§ **EXERCISE OBJECTIVE**
Given the entries that follow, write out exactly the lines starting at the one containing "this 1200×803 image." and ending at the one containing "this 848×565 image.", both ends included, and only those.

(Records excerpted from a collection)
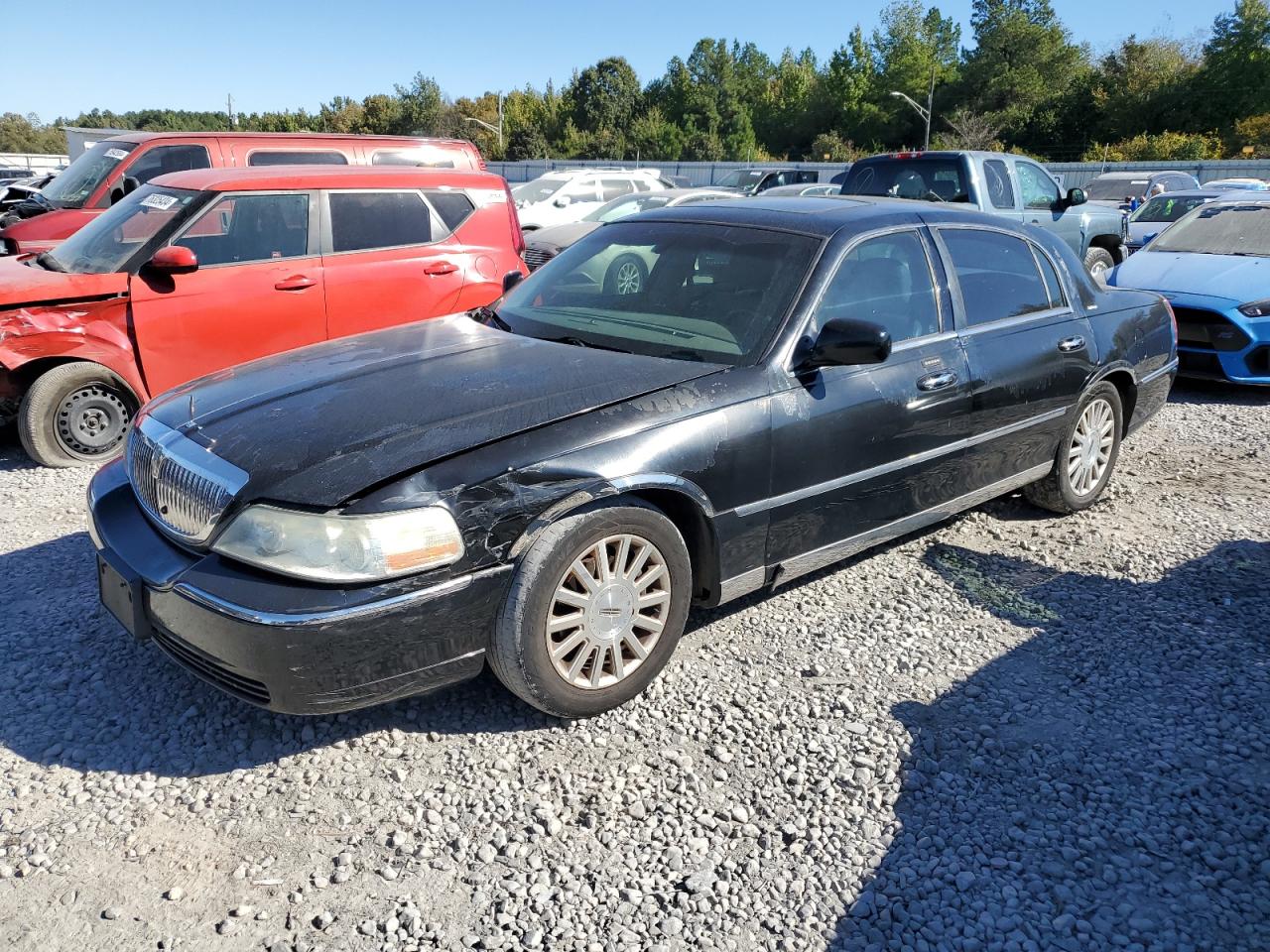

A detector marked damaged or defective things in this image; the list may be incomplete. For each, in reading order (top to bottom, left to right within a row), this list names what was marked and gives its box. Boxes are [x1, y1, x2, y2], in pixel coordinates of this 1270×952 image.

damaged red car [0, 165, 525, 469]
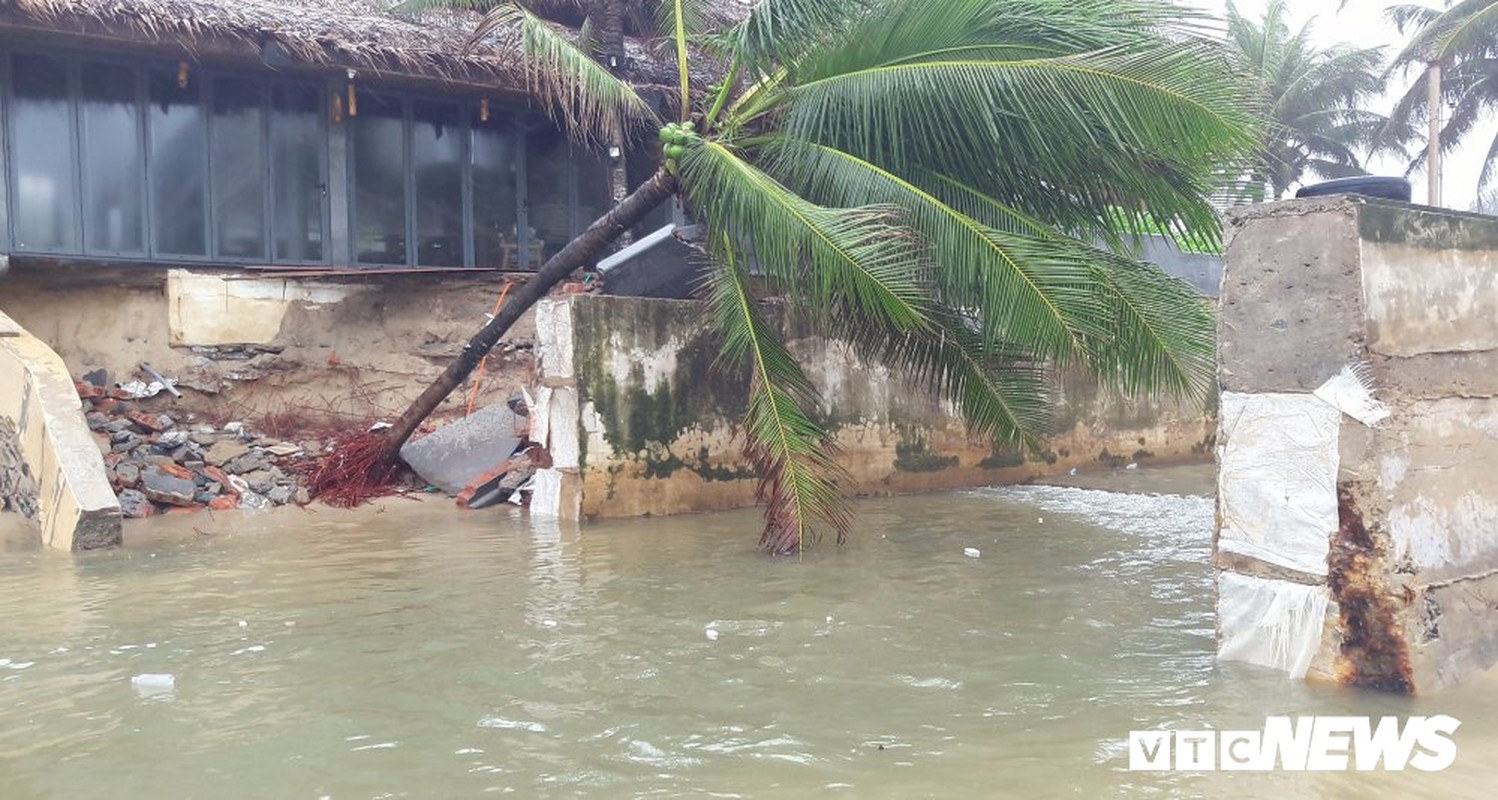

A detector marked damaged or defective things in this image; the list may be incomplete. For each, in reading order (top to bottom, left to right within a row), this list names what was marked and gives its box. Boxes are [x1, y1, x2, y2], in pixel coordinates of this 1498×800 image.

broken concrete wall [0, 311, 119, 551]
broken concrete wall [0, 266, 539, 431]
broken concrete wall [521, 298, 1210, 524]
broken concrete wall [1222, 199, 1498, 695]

==

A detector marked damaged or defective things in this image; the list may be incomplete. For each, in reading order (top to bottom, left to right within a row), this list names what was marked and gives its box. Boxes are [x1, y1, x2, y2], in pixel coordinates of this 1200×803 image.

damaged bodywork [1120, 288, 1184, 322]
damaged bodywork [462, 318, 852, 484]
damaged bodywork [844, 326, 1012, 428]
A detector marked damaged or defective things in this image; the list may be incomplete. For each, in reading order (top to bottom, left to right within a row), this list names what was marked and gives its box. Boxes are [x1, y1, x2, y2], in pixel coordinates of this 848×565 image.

§ **TASK RESULT**
A detector marked damaged or defective things in this image; the list may be incomplete. For each, in reading order (top to bottom, left to right within a row), this list names what was marked and gives its box. Boxes are [x1, y1, x2, y2], in pixel coordinates of this 1200×803 image.

damaged bodywork [1120, 288, 1184, 322]
damaged bodywork [462, 318, 852, 484]
damaged bodywork [844, 326, 1012, 428]
A detector marked damaged or defective things in this image; the list may be incomplete. For each, in reading order (top to bottom, left to right within a row), this list names what was marked and gives its box. Boxes are [x1, y1, x2, y2], in pixel coordinates of this 848×565 image.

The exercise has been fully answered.